Dataset entries
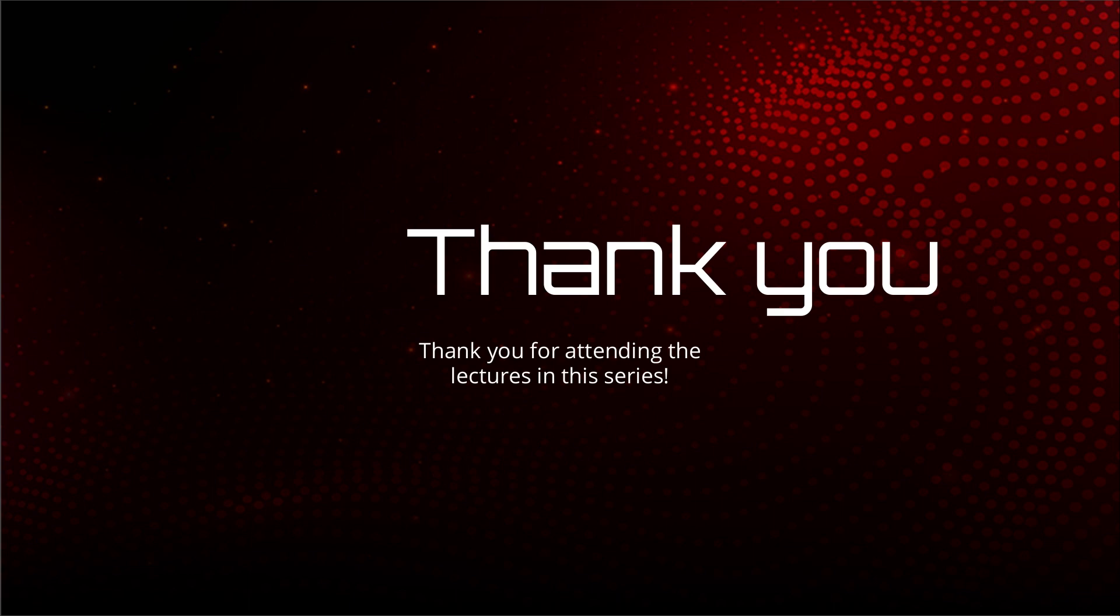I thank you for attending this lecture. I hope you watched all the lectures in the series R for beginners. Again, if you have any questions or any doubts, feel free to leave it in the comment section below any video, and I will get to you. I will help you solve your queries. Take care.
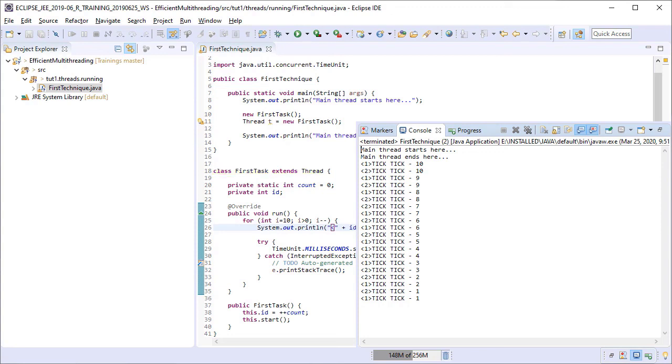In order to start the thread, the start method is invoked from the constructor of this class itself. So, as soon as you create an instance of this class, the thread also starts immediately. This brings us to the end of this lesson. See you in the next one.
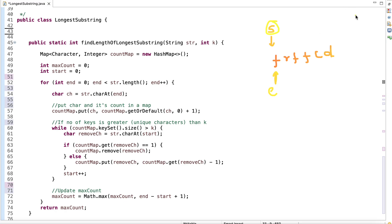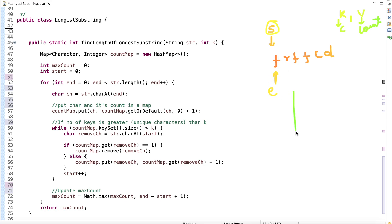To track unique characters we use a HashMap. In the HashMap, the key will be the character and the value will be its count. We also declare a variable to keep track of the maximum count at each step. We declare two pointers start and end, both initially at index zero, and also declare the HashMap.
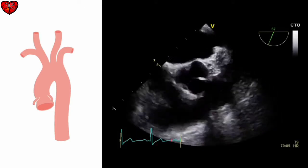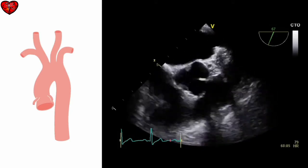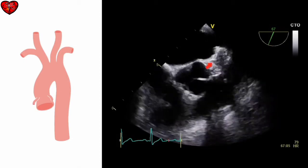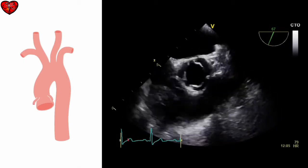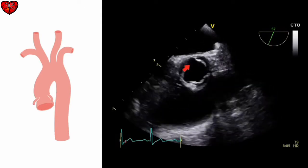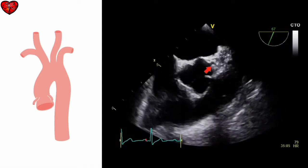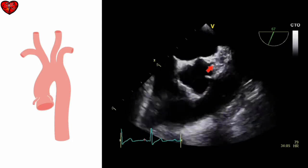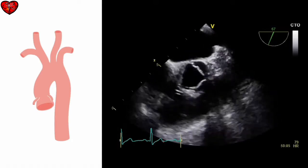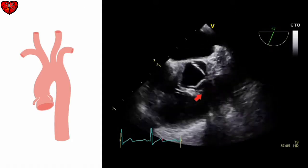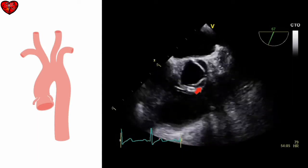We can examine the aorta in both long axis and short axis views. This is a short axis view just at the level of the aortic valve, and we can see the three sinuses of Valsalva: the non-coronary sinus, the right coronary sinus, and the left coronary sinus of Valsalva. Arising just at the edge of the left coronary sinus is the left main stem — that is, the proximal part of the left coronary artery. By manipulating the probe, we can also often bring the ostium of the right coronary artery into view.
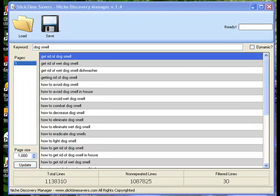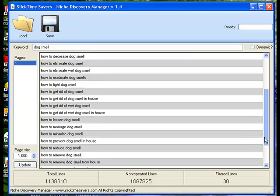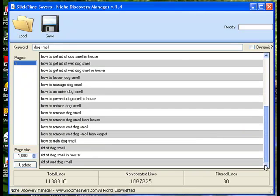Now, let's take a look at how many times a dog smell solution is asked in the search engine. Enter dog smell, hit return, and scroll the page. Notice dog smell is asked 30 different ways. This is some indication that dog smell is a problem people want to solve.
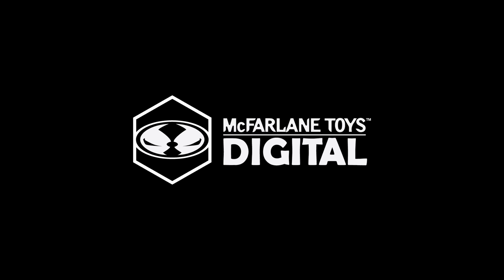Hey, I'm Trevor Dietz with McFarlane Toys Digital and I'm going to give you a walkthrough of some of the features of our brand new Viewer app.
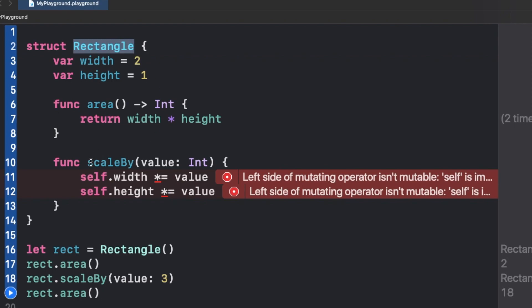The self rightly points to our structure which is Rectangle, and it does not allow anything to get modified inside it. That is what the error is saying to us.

(Work request) The data above holds the lines to copy: start at the one with "In order to", stop at the one with "To track unique", include both, copy them exactly without pictures, and copy nothing else.

(Task output)
In order to start the thread, the start method is invoked from the constructor of this class itself. So, as soon as you create an instance of this class, the thread also starts immediately. This brings us to the end of this lesson. See you in the next one.
To track unique characters we use a HashMap. In the HashMap, the key will be the character and the value will be its count. We also declare a variable to keep track of the maximum count at each step. We declare two pointers start and end, both initially at index zero, and also declare the HashMap.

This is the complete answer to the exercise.